Apple's new Processor Trace instrument is incredible

47 xdevweeknds 14 8/16/2025, 8:42:28 PM victorwynne.com ↗

Comments (14)

mananaysiempre · 34m ago
Finally, a processor manufacturer defects from the obfuscatory equilibrium. Granted, Apple’s processor people are not saints—I’ve yet to see even a full table of throughputs, latencies, and port loads from them, let alone an accurate CPU model—but I welcome anything that might maybe, hopefully, pretty please start a race of giving more accurate data to people doing low-level optimization.
touisteur · 15m ago
Intel Processor Trace was already pretty great. Built a MC-DC coverage tool with it. Used it for fine profiling, live program monitoring...
bri3d · 30m ago
What’s your beef with VTune and uProf?
jauntywundrkind · 30m ago
Longer term I sort of dream of doing computing from the inside out, using all this tracing data we've started gathering not just for observability but as a log and engine of compute: the record of what computing has been done as an event-source, for an event sourcing computing architecture.
ip26 · 3m ago
The present opportunity, in my view, is to feed this tracing into the development of superior compilers. This is starting to happen with automated profiling by the compiler, but you can imagine the profiling expanding to an enormous degree, with the compiler tracing the program it is building in great detail.
do_not_redeem · 1h ago
> Instead of statistical sampling like most profilers, you get a complete picture of your app’s execution flow.

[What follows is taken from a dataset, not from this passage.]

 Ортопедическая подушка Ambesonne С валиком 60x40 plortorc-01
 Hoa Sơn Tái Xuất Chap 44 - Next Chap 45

Potentially interesting, but it's not really clear whether this is anything new or not. valgrind + kcachegrind does this too.

https://developer.apple.com/documentation/xcode/analyzing-cp...

These screenshots look a lot like kcachegrind with a slightly reimagined UI. Is there actually anything new here, or is this another case of Apple finally catching up to the open source world?

nkurz · 37m ago
As 'GeekyBear' implies in a sibling comment, valgrind works with an emulation of an ideal processor rather than directly on the actual CPU. Sometimes this gives you a good idea of how the program will actually run, and sometimes it doesn't. As processors became more complex, it got farther and farther from the truth. Personally, I started in the Valgrind era and stopped using it as soon as better tools using native instrumentation became available. If Apple's approach works as well as described, it is much better than anything from that era.
do_not_redeem · 26m ago
I've never found cachegrind inaccurate, but maybe I'm not doing hardcore enough performance work. You can also use perf and get you numbers straight from the hardware if that's what you need. Truth be told I mainly use cachegrind because I prefer kcachegrind's UI to hotspot.

(I even prefer cachegrind's approach since the numbers will be less distorted by other random background activity on the machine, but that could just be idealism on my part, who knows.)

If perf or the vendor-specific tools like vtune/uprof aren't sufficient for you then I'm curious what do you use?

GeekyBear · 52m ago
> Potentially interesting, but it's not really clear whether this is anything new or not. valgrind + kcachegrind does this too.

Looking at the kcachegrind homepage, it doesn't sound like they are pulling their data directly from the CPU core itself:

> Callgrind uses runtime instrumentation via the Valgrind framework for its cache simulation and call-graph generation.

https://kcachegrind.github.io/html/Home.html

Apple seems to have modified it's core design so that it will stream data to a log file while the code is running.

> Recent Apple silicon devices can capture a processor trace where the CPU stores information about the code it runs, including the branches it takes and the instructions it jumps to. The CPU streams this information to an area on the file system so that you can analyze it with the Processor Trace instrument.

jauntywundrkind · 37m ago
Intel has a Performance Monitoring Unit on its core that has significant overlap.

Forgetting this tool-space, but at least some of these tools can make use of that hardware:

https://github.com/intel/pcm https://github.com/andikleen/pmu-tools

do_not_redeem · 39m ago
If you need data straight from the hardware you can use e.g. perf+hotspot, although I've heard that perf's tracing (not sampling!) supports fewer CPUs (but still more than just 1)
urbandw311er · 59m ago
I feel like it probably would work on older hardware, this very much smacks of forced obsolescence. Just guessing though.
nozzlegear · 28m ago
Is forced obsolescence the right term for a somewhat obscure debug tool built for developers of macOS/iOS software? I don't imagine there are many people who would feel forced to upgrade their machines more quickly just to get access to this.
astrange · 53m ago
It would not. You could port cachegrind I suppose.

(Even if hardware support did exist earlier, you don't want to deal with errata for a new hardware feature. It's kind of amazing anything ever works.)